[Records from a dataset]
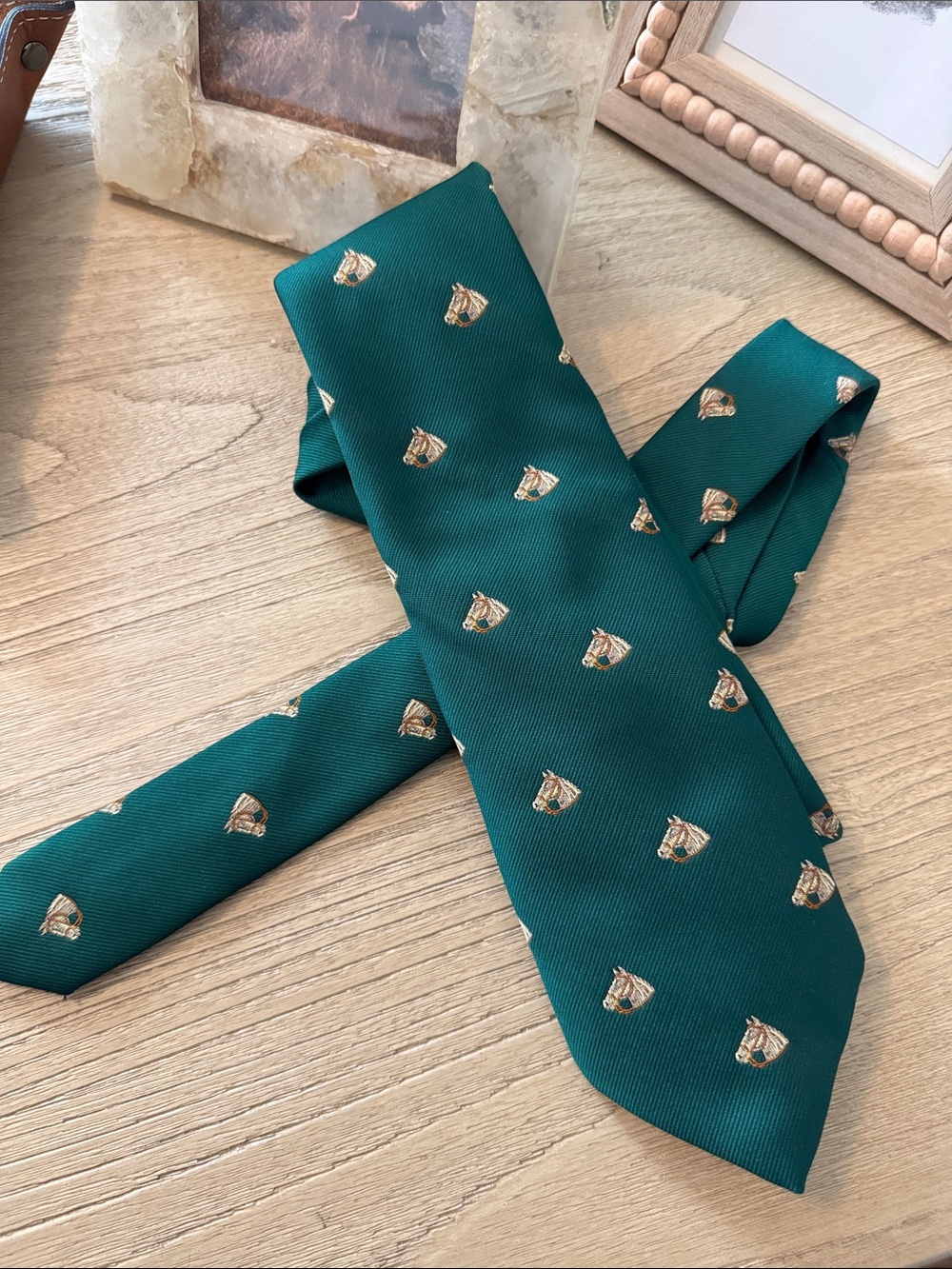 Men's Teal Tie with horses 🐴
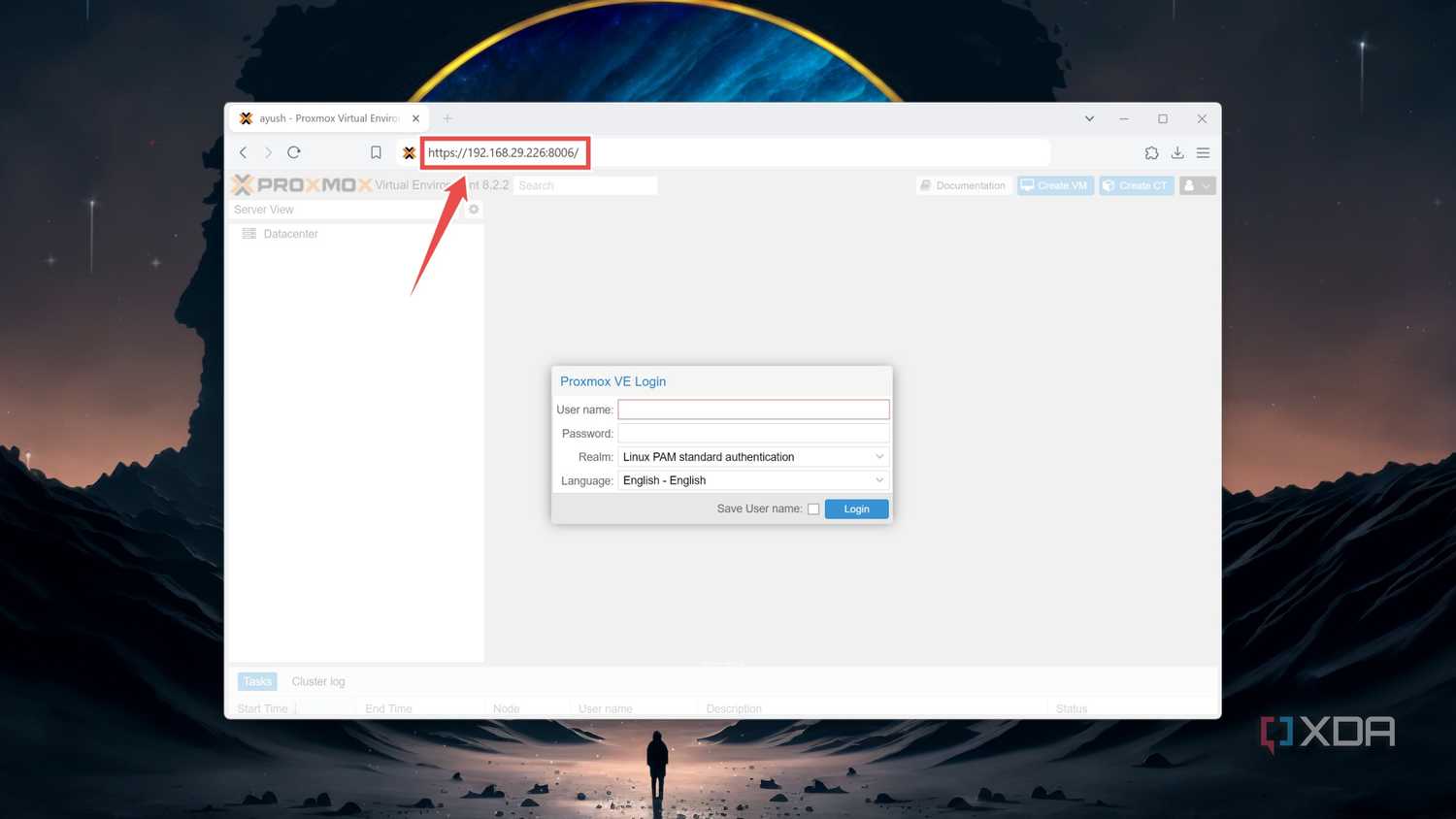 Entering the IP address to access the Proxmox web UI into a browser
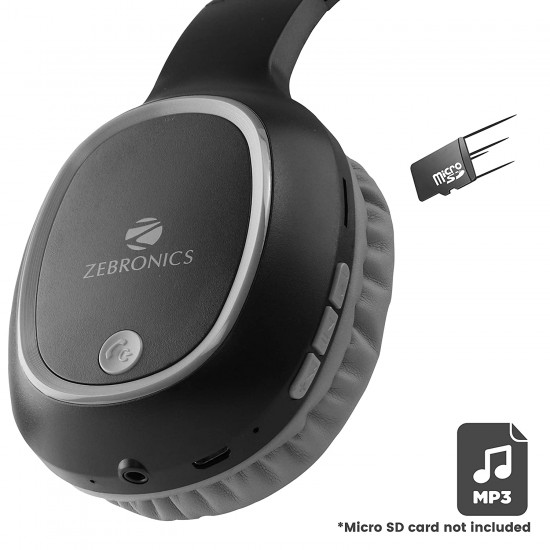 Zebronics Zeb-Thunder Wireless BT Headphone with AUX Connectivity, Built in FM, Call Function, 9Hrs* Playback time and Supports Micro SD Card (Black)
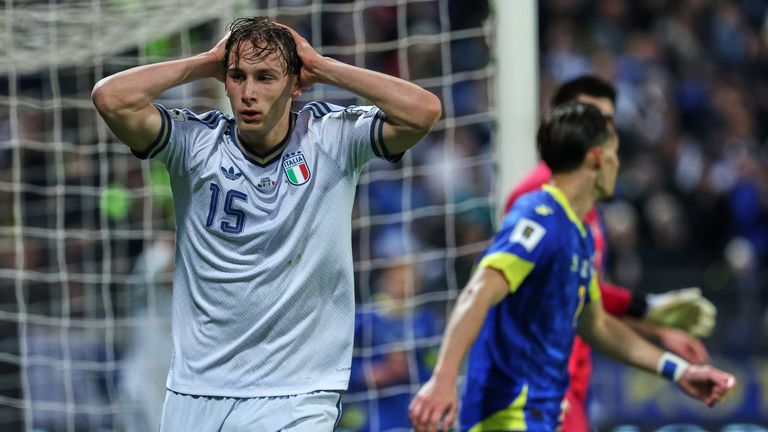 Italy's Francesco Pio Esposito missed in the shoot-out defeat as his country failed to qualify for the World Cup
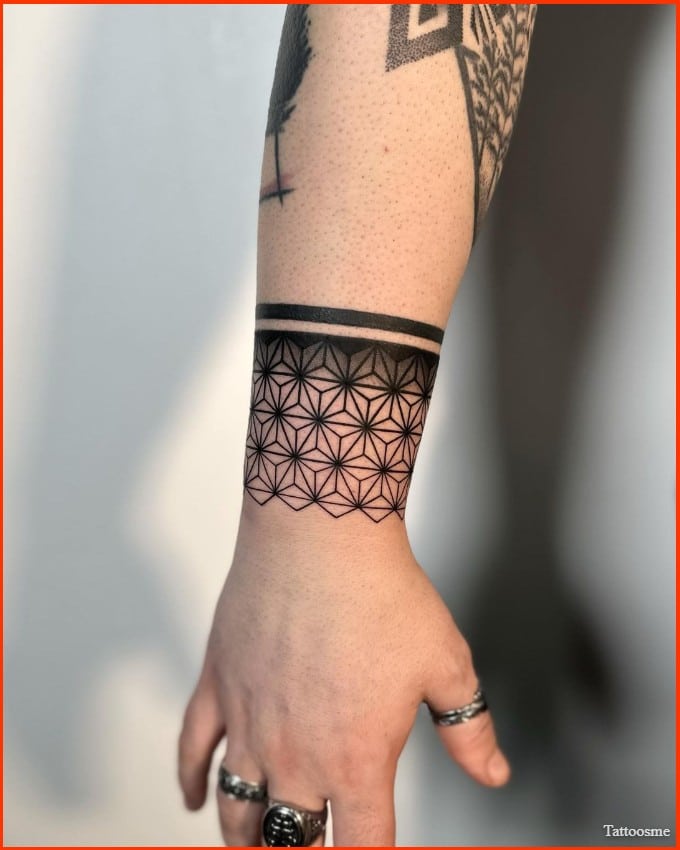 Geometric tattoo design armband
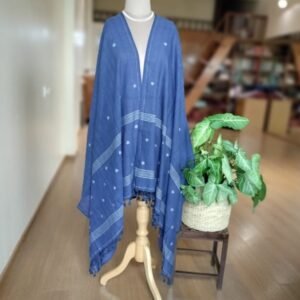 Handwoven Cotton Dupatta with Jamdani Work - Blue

▶ THE PROBLEM:
Could you transcribe the records above exactly, leaving out any pictures?

▶ ANSWER TO THIS TASK:
 Men's Teal Tie with horses 🐴
 Entering the IP address to access the Proxmox web UI into a browser
 Zebronics Zeb-Thunder Wireless BT Headphone with AUX Connectivity, Built in FM, Call Function, 9Hrs* Playback time and Supports Micro SD Card (Black)
 Italy's Francesco Pio Esposito missed in the shoot-out defeat as his country failed to qualify for the World Cup
 Geometric tattoo design armband
 Handwoven Cotton Dupatta with Jamdani Work - Blue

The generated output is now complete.